Q: What is the history of Rwanda's genocide? A

The Associated Press

Q: What is the history of Rwanda's genocide?

A: Hutus in the densely populated, desperately poor country overthrew a Tutsi monarchy three years before independence from Belgium in 1962 and took power. Ethnic tensions simmered and rebels, most of them ethnic Tutsis, invaded from their base in neighboring Uganda in 1990.

President Juvenal Habyarimana, a Hutu, had been negotiating peace with the rebels when his plane was shot down on April 6, 1994. Rwanda recognizes the next day as the start of the genocide unleashed by Hutu extremists on Tutsis and politically moderate Hutus.

The killings spread across the country and lasted 100 days, until a Tutsi, Paul Kagame, led his rebel army to victory and became president. Tutsis now dominate the nation's government and army.

Q: How have Rwandans and the international community sought justice for those held responsible for the genocide?

A: The Tanzania-based International Criminal Tribunal for Rwanda was set up by the U.N. in 1994 to try those responsible for the killings and had its first conviction in 1997.

The judicial system in Rwanda also is trying suspects. And in 2004, after a two-year test phase, Rwanda turned to community courts in a bid to speed up trials for the thousands of people accused of taking part in the government-orchestrated massacre. Under the community-court system, local people are elected and trained to serve on nine-judge panels. The maximum sentence is life in prison.

Q: What have been some of the wider consequences?

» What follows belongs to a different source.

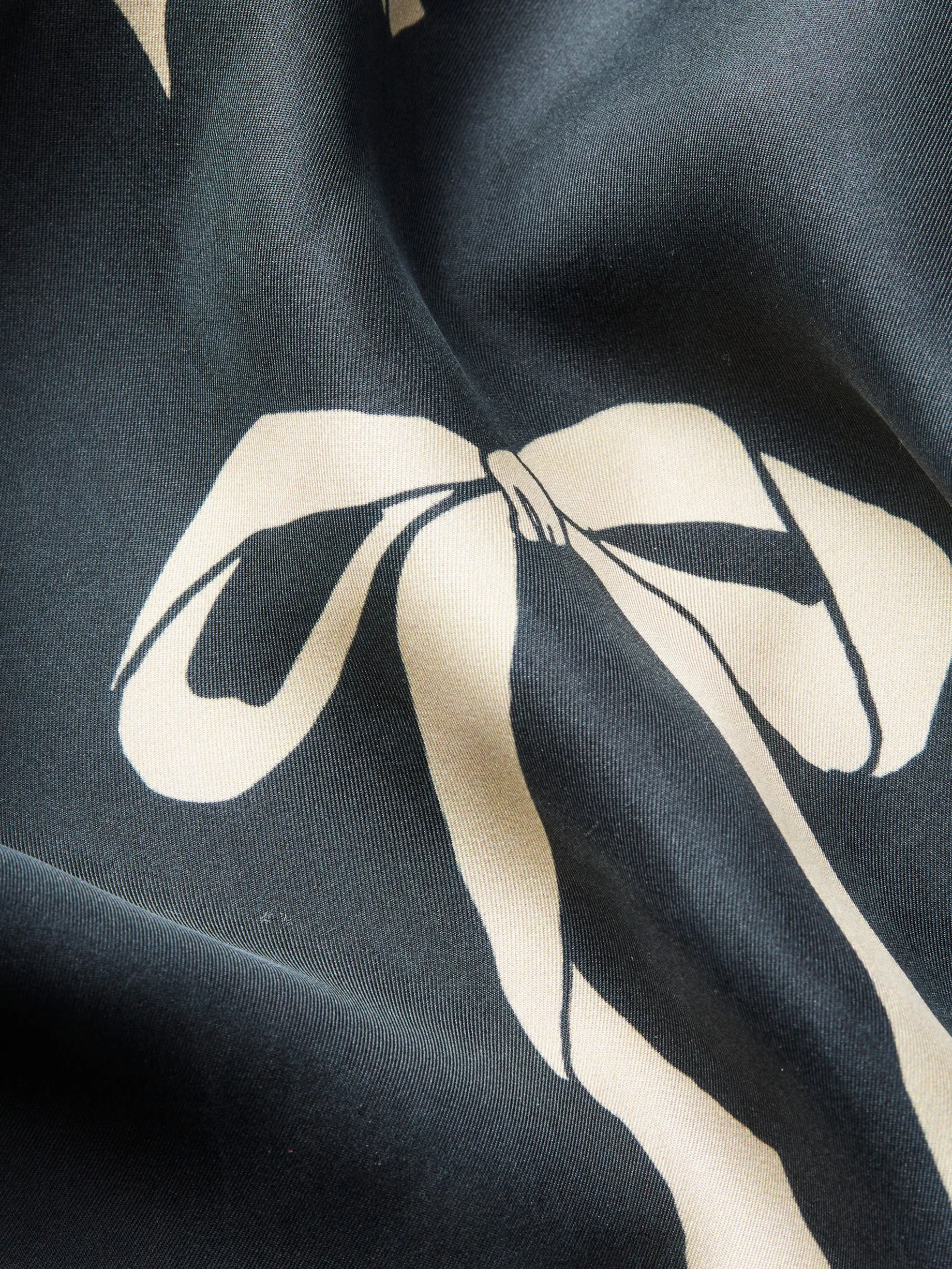 Becksöndergaard Black Bow Twill Sia Scarf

A: The flight of Rwanda's Hutu fighters over the border and into the Congolese forest has fed instability in Congo.

Rwanda first invaded Congo in 1996, attacking refugee camps that served as havens for ethnic Hutu officials and militias who orchestrated the genocide.

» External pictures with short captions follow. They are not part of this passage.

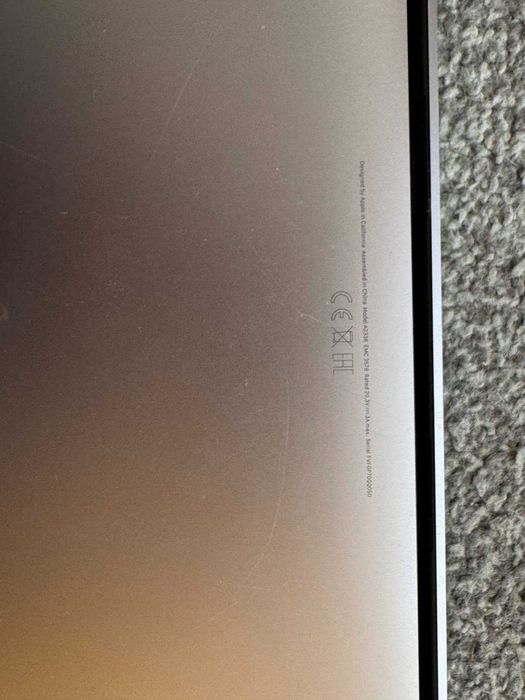 MacBook Pro (13-inch, M1, 2020) за части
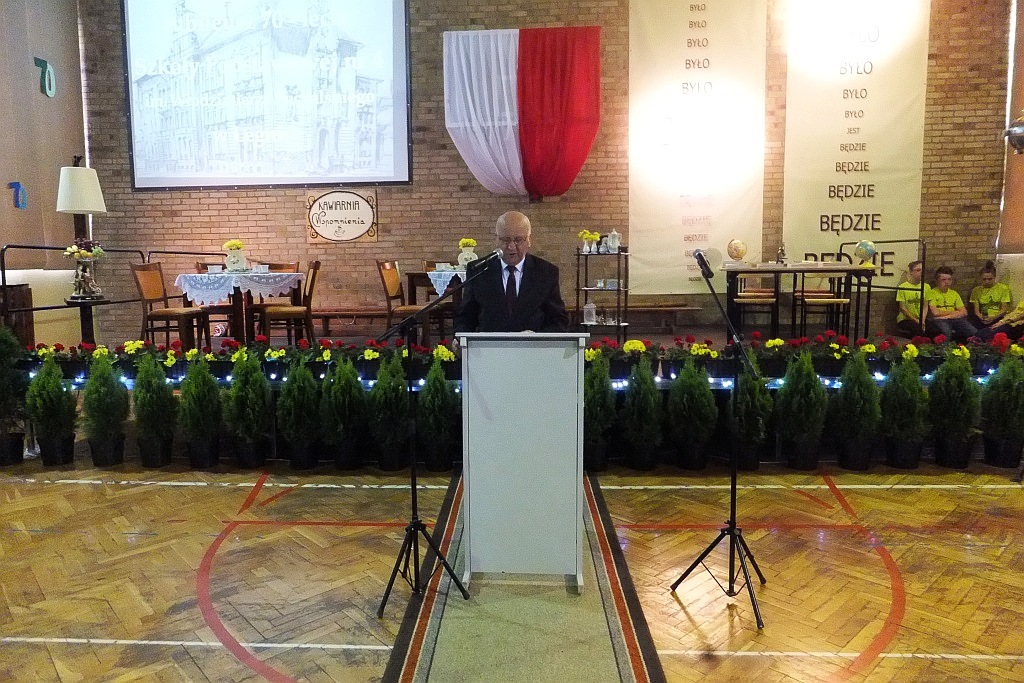 Szkoła Podstawowa nr 4 świętowała jubileusz 70 - lecia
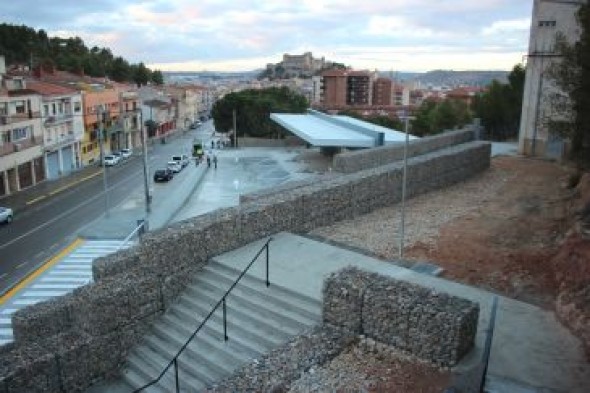 Concluyen las obras de la estación de autobuses de Alcañiz, que cuenta con cuatro dársenas y sala de espera climatizada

Congo's government ordered Rwandan troops to leave in 1998, but Rwanda invaded again days later, propping up a new Congolese rebel group at the start of Congo's 1998-2002 war, a conflict that drew in a half-dozen African nations.

A U.N. Security Council panel said earlier this month that Rwanda and Congo are fighting a proxy war, with Rwanda helping ethnic Tutsi rebels fight the Congolese government and Congo collaborating with ethnic Hutu rebels and other forces against Rwanda.